Re: PROBLEM: Remapping hugepages mappings causes kernel to return EINVAL

From: C.Wehrmeyer
Date: Mon Oct 23 2017 - 12:47:47 EST


On 23-10-17 18:13, Michal Hocko wrote:
On Mon 23-10-17 16:00:13, C.Wehrmeyer wrote:
And just to be very sure I've added:

if (madvise(buf1,ALLOC_SIZE_1,MADV_HUGEPAGE)) {
errno_tmp = errno;
fprintf(stderr,"madvise: %u\n",errno_tmp);
goto out;
}

/*Make sure the mapping is actually used*/
memset(buf1,'!',ALLOC_SIZE_1);

Is the buffer aligned to 2MB?

When I omit MAP_HUGETLB for the flags that mmap receives - no.

#define ALLOC_SIZE_1 (2 * 1024 * 1024)
[...]
buf1 = mmap (
NULL,
ALLOC_SIZE_1,
prot, /*PROT_READ | PROT_WRITE*/
flags /*MAP_PRIVATE | MAP_ANONYMOUS*/,
-1,
0
);

In such a case buf1 usually contains addresses which are aligned to 4 KiBs, such as 0x7f07d76e9000. 2-MiB-aligned addresses, such as 0x7f89f5e00000, are only produced with MAP_HUGETLB - which, if I understood the documentation correctly, is not the point of THPs as they are supposed to be transparent.

I'm not exactly sure how I'm supposed to force mmap to give me any other kind of address, if that is going to be your suggestion - unless I'd read the mapping configuration for the current process and find myself a spot where I can tell mmap to create a mapping for me using MAP_FIXED. But that wouldn't be transparent, either.

/*Give me time for monitoring*/
sleep(2000);

right after the mmap call.
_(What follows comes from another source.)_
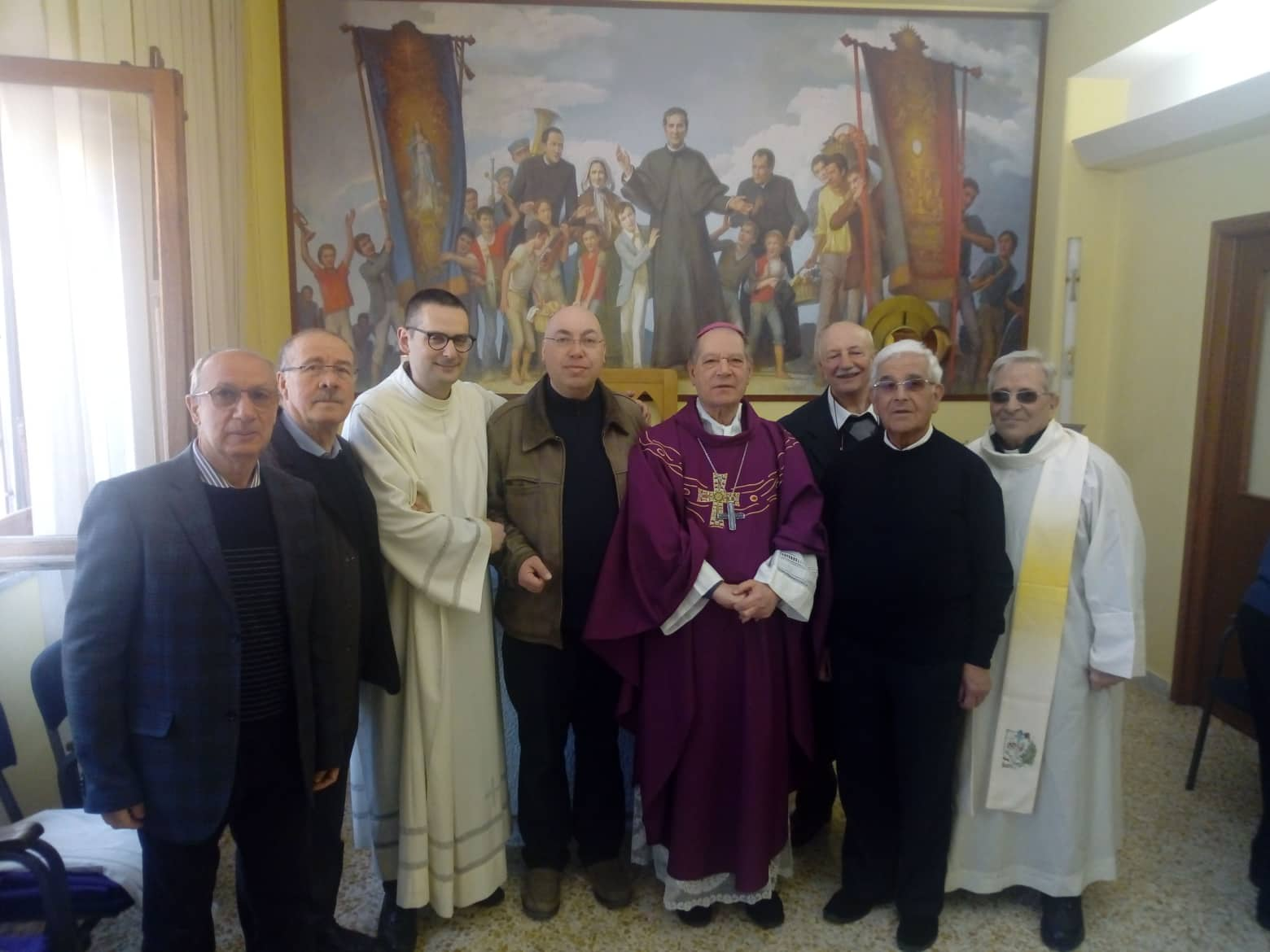 DON PIERO D'ANGIULLI HA FESTEGGIATO A MOLFETTA I SUOI 50 ANNI DI SACERDOZIO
I've also made sure that nothing is being
optimised away by the compiler. With a 2MiB mapping being requested this
should be a good opportunity for the kernel, and yet when I try to figure
out how many THPs my processes uses:

$ cat /proc/21986/smaps | grep 'AnonHuge'

I just end up with lots of:

AnonHugePages: 0 kB

And cat /proc/meminfo | grep 'Huge' doesn't change significantly as well. Am
I just doing something wrong here, or shouldn't I trust the THP mechanisms
to actually allocate hugepages for me?

If the mapping is aligned properly then the rest is up to system and
availability of large physically contiguous memory blocks.
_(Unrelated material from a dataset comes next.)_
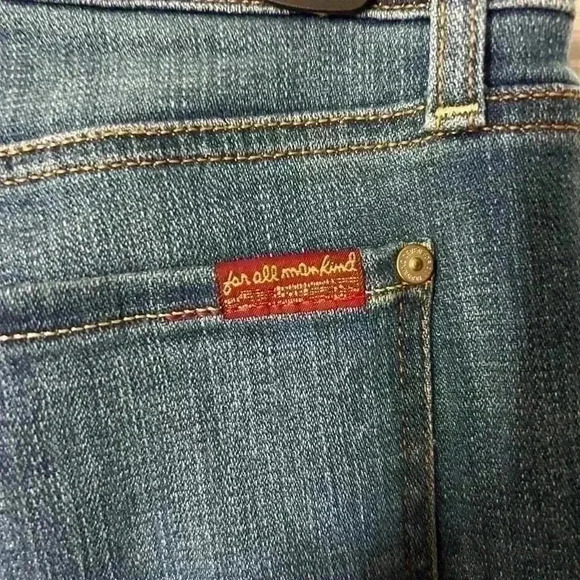 7 for all Mankind Josefina Boyfriend jeans. Size 28. Button fly - Picture 5 of 12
I have about 5 GiBs of free memory right now, and while I can not guarantee that memory fragmentation prevents the kernel from using THP, manually reserving 256 2-MiB pages through nr_hugepages and then freeing them works just fine. Yes, after allocating them I checked if nr_hugepages actually was 256. And yet, after immediately running my program, there would be no change any of the AnonHugePages elements that smaps exports. Also (while omitting MAP_HUGETLB) buf1 remains to be aligned to 4 KiB.